Task goal = Transcribe the records that follow in their entirety, omitting any pictures.
*** Opening of Data provided ***
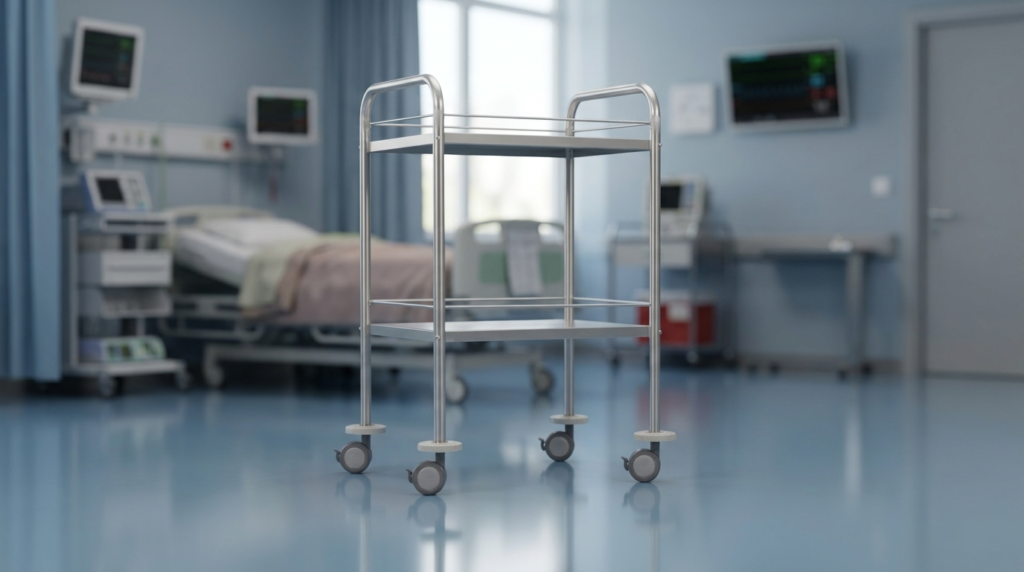 Instrument Trolley with Rails
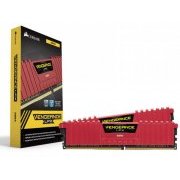 Memoria Corsair Gamer 32GB(2X16GB) Red DDR4 2400MHZ DIMM CL14 VENGEANCE LPX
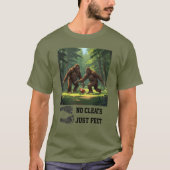 Bigfoot spelen football T-Shirt (Voorkant)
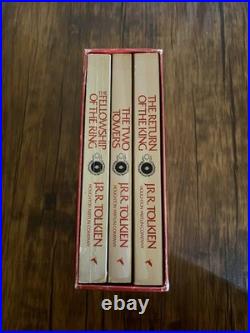 JRR Tolkien Lord Of The Rings Trilogy Box Set 1978 1st Printing Books Rare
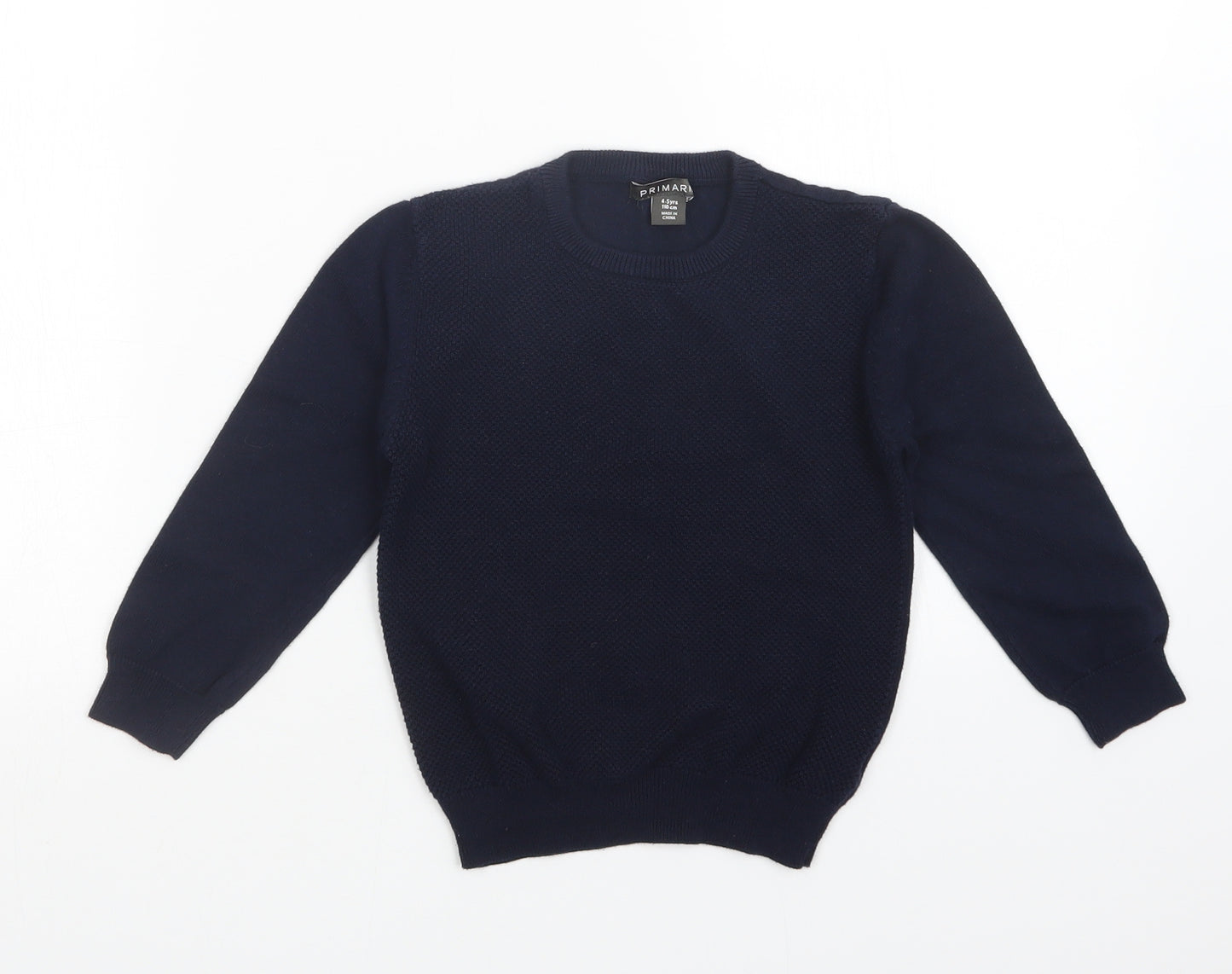 Primark Boys Blue   Pullover Sweatshirt Size 4-5 Years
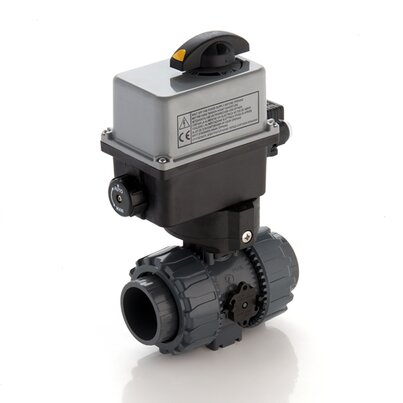 VKDNV/CE 24 V AC/DC - ELECTRICALLY ACTUATED DUAL BLOCK® 2-WAY BALL VALVE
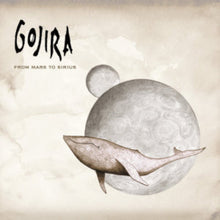 Charger l'image dans la galerie, CD cover art for Gojira's album 'From Mars To Sirius' featuring a grey whale against a backdrop with celestial bodies, including a large moon and a smaller planet or satellite.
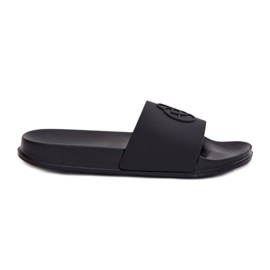 EVento Lightweight women's flip flops with decorative pressing black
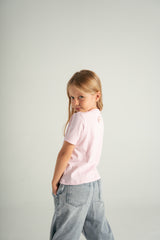 Camiseta open matching girl rosada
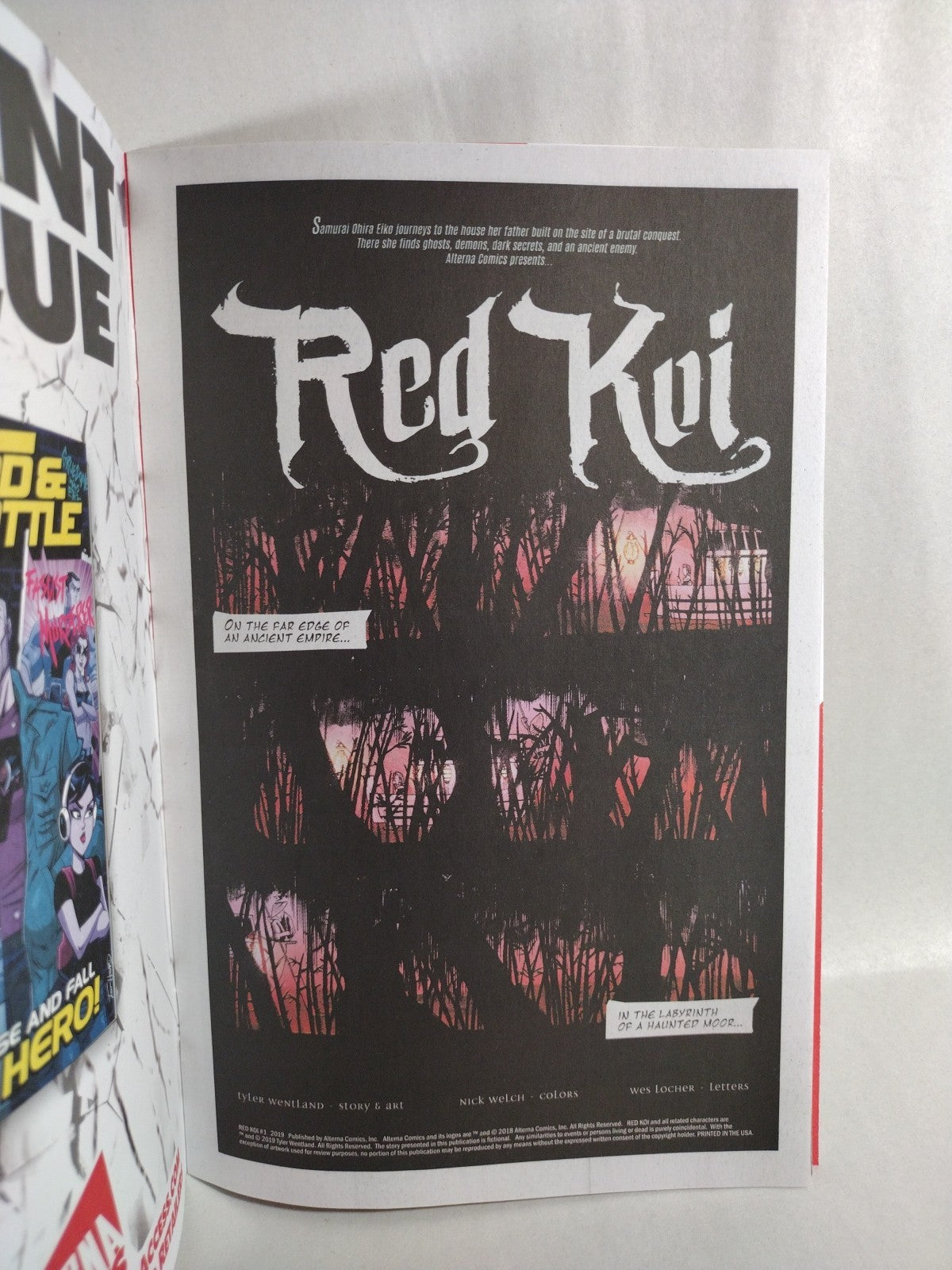 Red Koi #1 Alterna Comic Blank Sketch Variant Cover Wentland Welch New NM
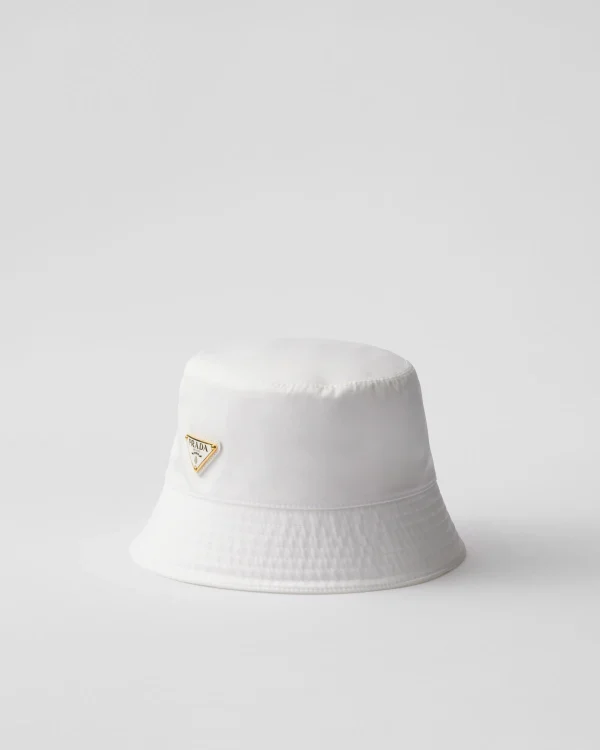 Hats And Gloves*Prada Re-Nylon bucket hat White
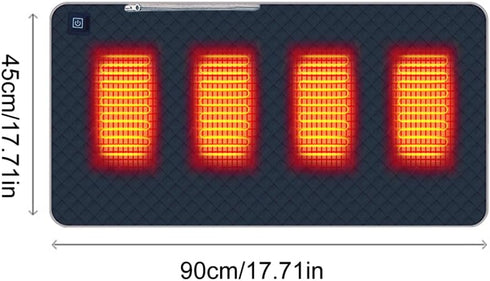 Generic 4 3 Heated Zones Camping Chair Heated Cushion, Portable Thickened Heating Mat, Adjustable Temperature USB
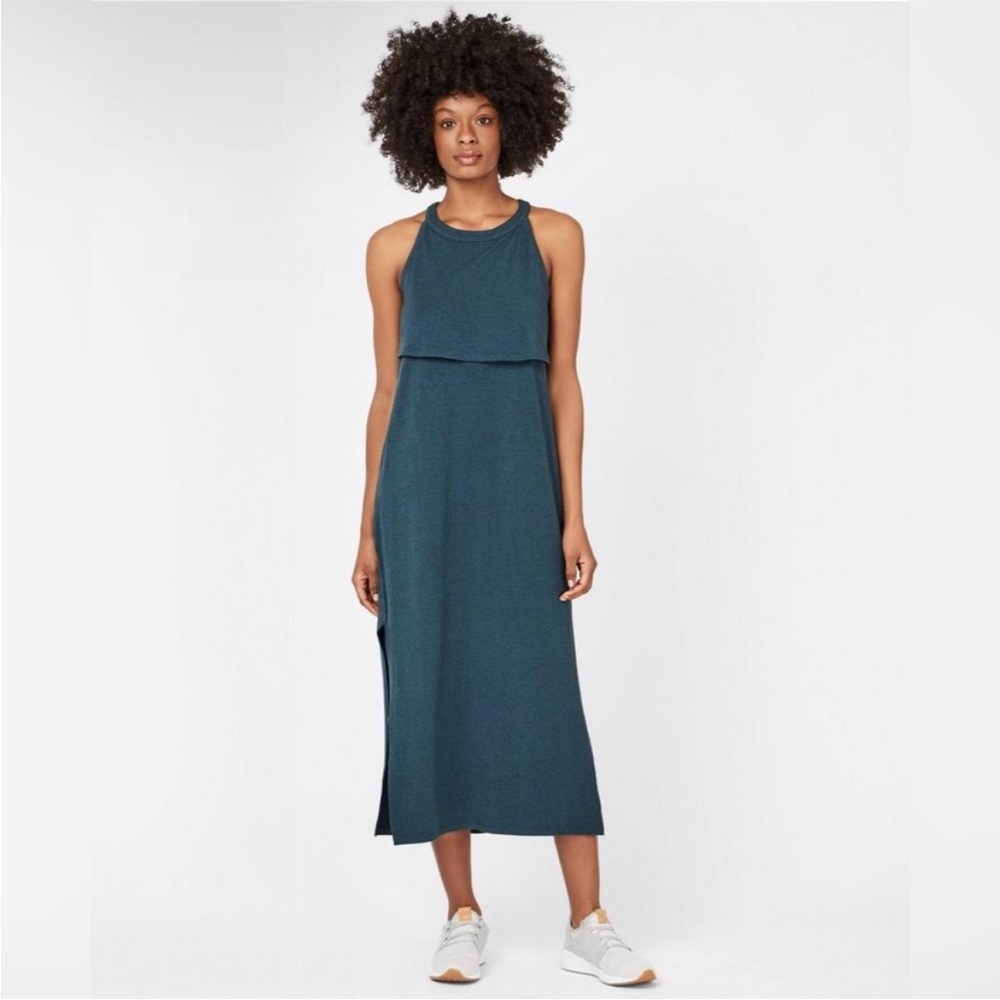 Sweaty Betty Blue Holistic‎ Maxi Jersey Dress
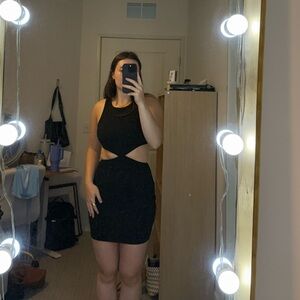 Princess Black Cut-Out Dress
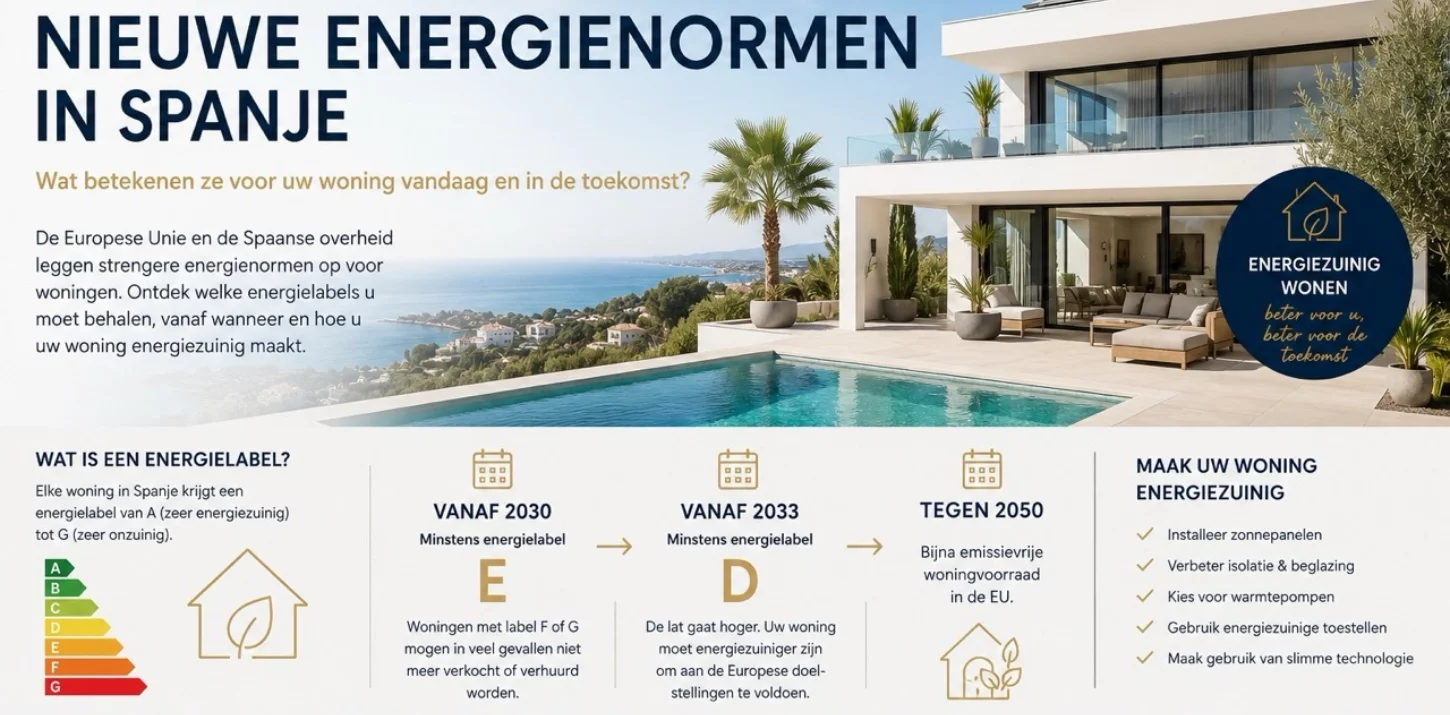 Holiday Estate energienormen spanje groot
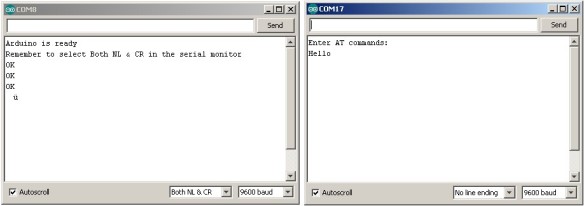 Hello получено на HC-06
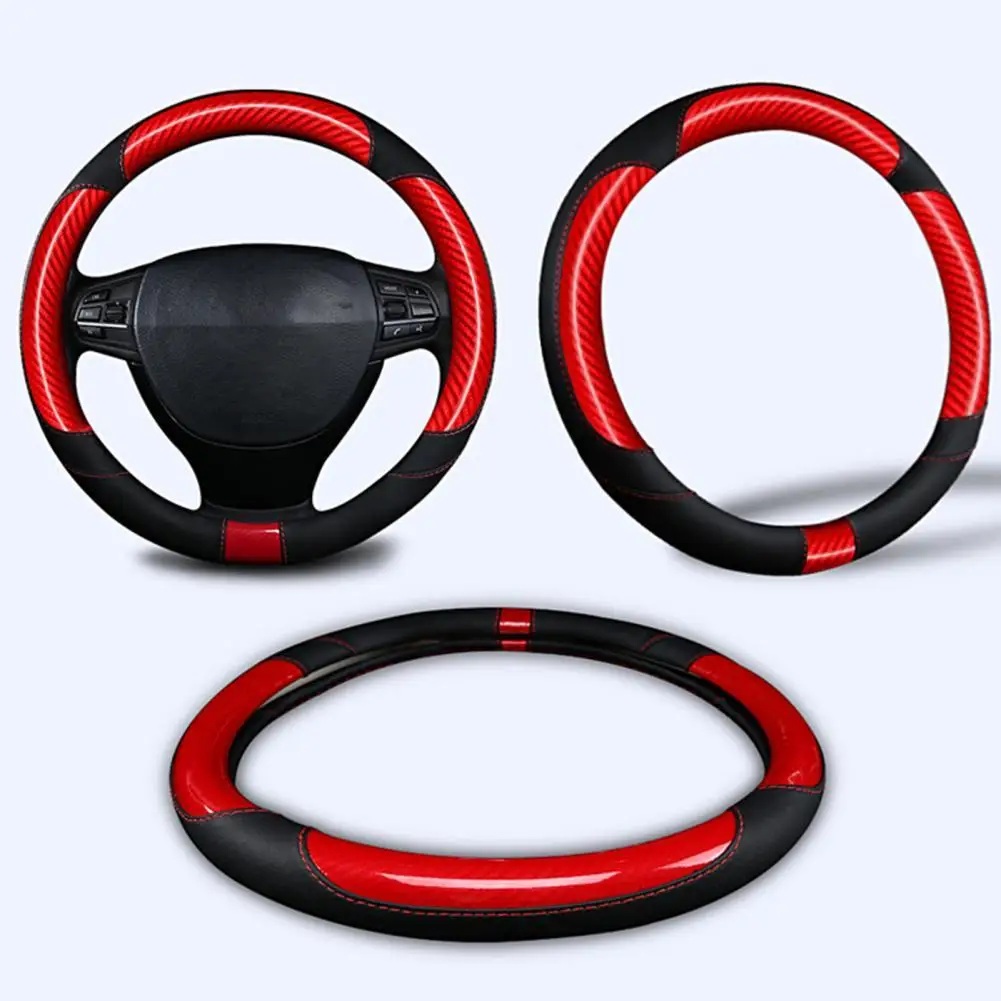 

Seamless Protective Classic Look Car Steering Wheel Cushion Cover Steering Wheel Protector for SUV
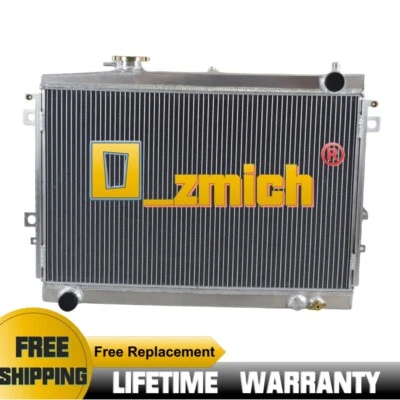2 Row Aluminum Radiator For Mazda Bravo B2600 UF EFI / Ford Courier PC 2.6L MT - image 1 of 4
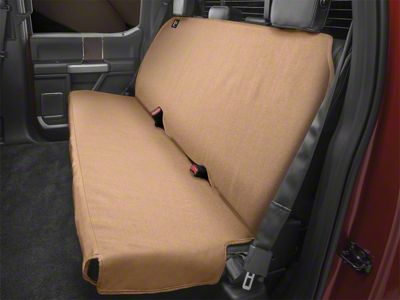 Weathertech Second Row Seat Protector; Tan (99-25 Silverado 1500 Extended/Double Cab)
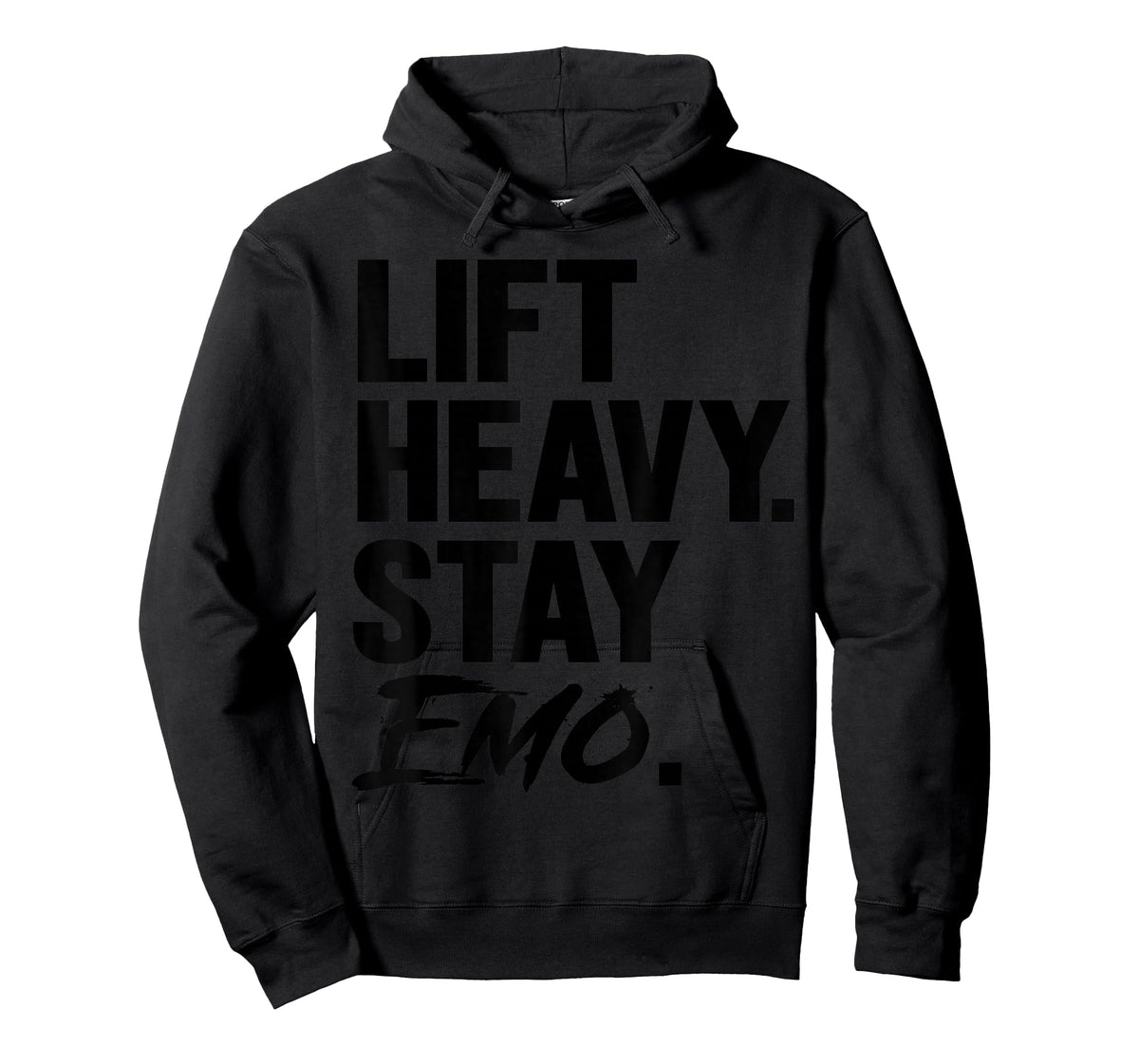 Lift Heavy Stay Emo Gym and Fitness Weightlifting Emo Lover T-Shirt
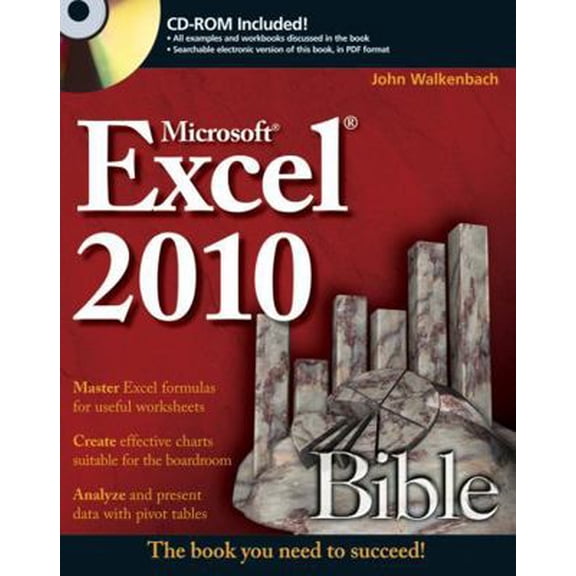 Pre-Owned Excel 2010 Bible [With CDROM] (Paperback) 0470474874 9780470474877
*** Close of Data provided ***
Result =
 Instrument Trolley with Rails
 Memoria Corsair Gamer 32GB(2X16GB) Red DDR4 2400MHZ DIMM CL14 VENGEANCE LPX
 Bigfoot spelen football T-Shirt (Voorkant)
 JRR Tolkien Lord Of The Rings Trilogy Box Set 1978 1st Printing Books Rare
 Primark Boys Blue   Pullover Sweatshirt Size 4-5 Years
 VKDNV/CE 24 V AC/DC - ELECTRICALLY ACTUATED DUAL BLOCK® 2-WAY BALL VALVE
 Charger l'image dans la galerie, CD cover art for Gojira's album 'From Mars To Sirius' featuring a grey whale against a backdrop with celestial bodies, including a large moon and a smaller planet or satellite.
 EVento Lightweight women's flip flops with decorative pressing black
 Camiseta open matching girl rosada
 Red Koi #1 Alterna Comic Blank Sketch Variant Cover Wentland Welch New NM
 Hats And Gloves*Prada Re-Nylon bucket hat White
 Generic 4 3 Heated Zones Camping Chair Heated Cushion, Portable Thickened Heating Mat, Adjustable Temperature USB
 Sweaty Betty Blue Holistic‎ Maxi Jersey Dress
 Princess Black Cut-Out Dress
 Holiday Estate energienormen spanje groot
 Hello получено на HC-06

Seamless Protective Classic Look Car Steering Wheel Cushion Cover Steering Wheel Protector for SUV
2 Row Aluminum Radiator For Mazda Bravo B2600 UF EFI / Ford Courier PC 2.6L MT - image 1 of 4
 Weathertech Second Row Seat Protector; Tan (99-25 Silverado 1500 Extended/Double Cab)
 Lift Heavy Stay Emo Gym and Fitness Weightlifting Emo Lover T-Shirt
 Pre-Owned Excel 2010 Bible [With CDROM] (Paperback) 0470474874 9780470474877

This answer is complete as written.